In this research, we presented survey analysis results to understand the key drivers of patient satisfaction in two of the typical patient journey stages. The RF models captured important limitations in the existing literature on patient satisfaction determinants as most of the earlier studies tackled an insufficient number of determinants without reflecting their relative importance to satisfaction. Further, the algorithm addressed the complex relationship between the variables. The random forest classifier was used to identify the different determinants of patient satisfaction. The algorithm was implemented and validated on patient satisfaction survey data containing responses from 411 patients from a hospital in Abu Dhabi, UAE. The key findings of the applied analysis can be summarized in the following points:

  • “Age” attribute, a patient-related determinant, was the leading driver of patient satisfaction in all models according to its high feature importance score.

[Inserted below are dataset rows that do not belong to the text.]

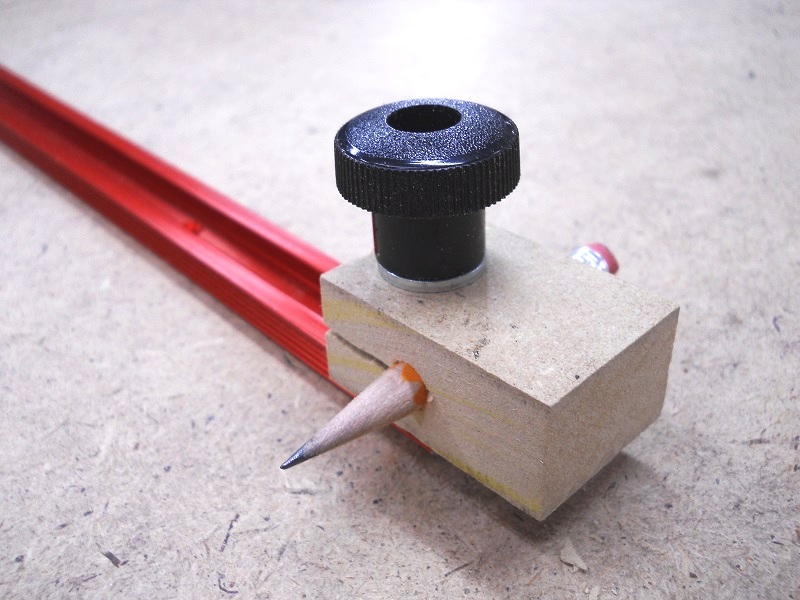 T-track Drawing Compass / Compas à tracer sur rail d'aluminium  Atelier du  Bricoleur (menuiserie)…..…… Woodworking Hobbyist's Workshop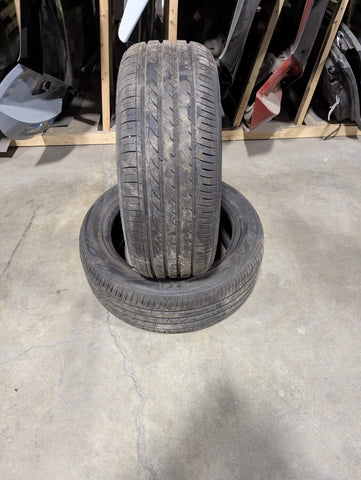 Used tire 215/50R17 Zeta Alventi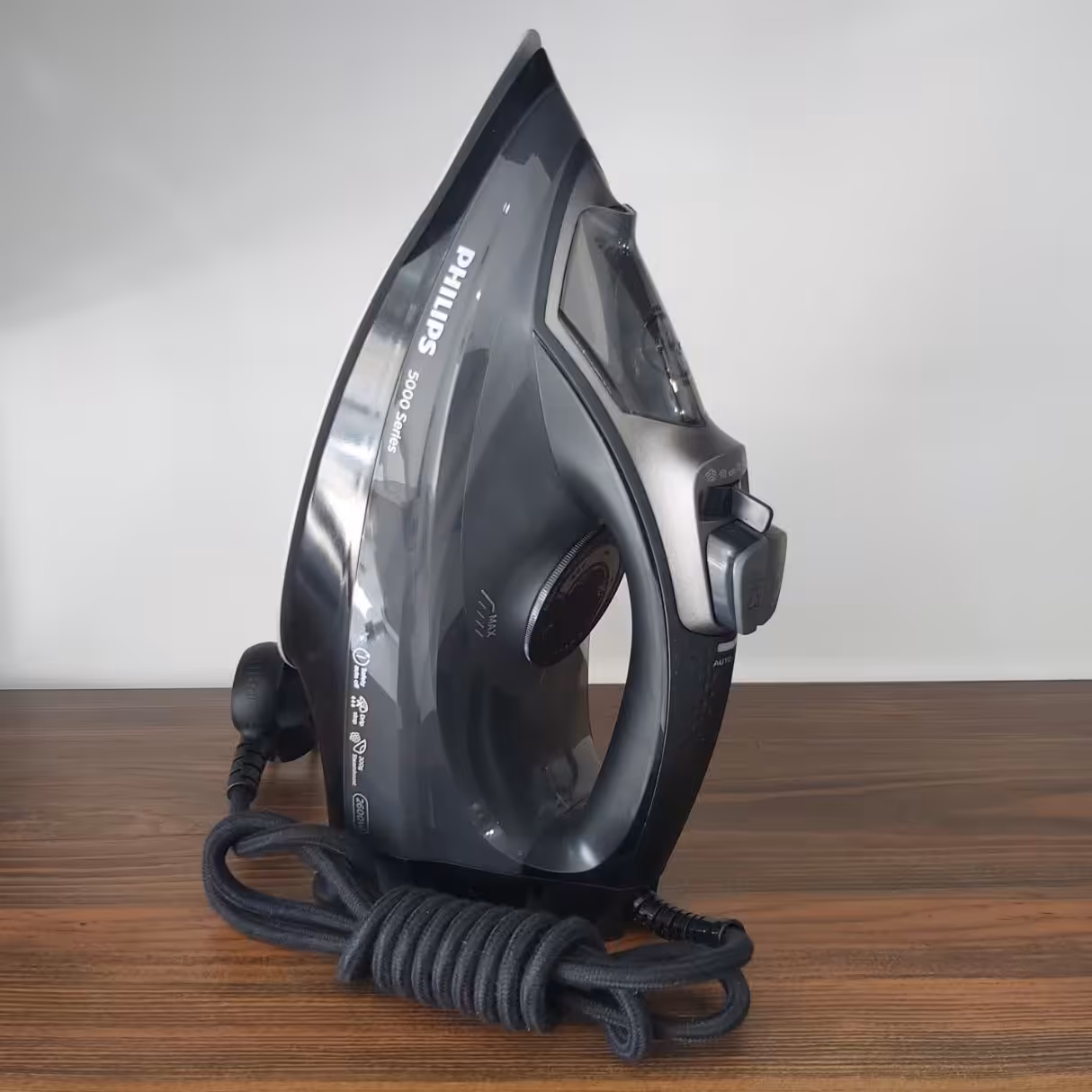 اتو بخار فیلیپس مدل DST5040 با هزینه ارسال واقعی پست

  • “Total time taken for registration” and “Attentiveness and knowledge of the Doctor/Physician while listening to your queries” were the provider-related determinants driving patient satisfaction in each model.

  • The radar charts revealed that “demographics” was the most influential type of question in the registration model, while “behaviour” was the most influential in the consultation model.

The main contribution of this study is to identify and rank the patient satisfaction drivers in two patient journey stages. Another contribution of this study is the development of a novel ML algorithm using patient satisfaction survey data. The results can provide hospitals significant insights into the different determinants affecting patient satisfaction. To our knowledge, this is the first study using RFs in the patient satisfaction context. We conclude that the RFs algorithm exhibited predictive capability and shed light on the relationship between specific determinants and overall patient satisfaction. Healthcare organizations invest significant resources to improve patient satisfaction. The results of the study may help them prioritize resource usages based on the importance ranking to achieve sustainable improvements in the patient satisfaction context.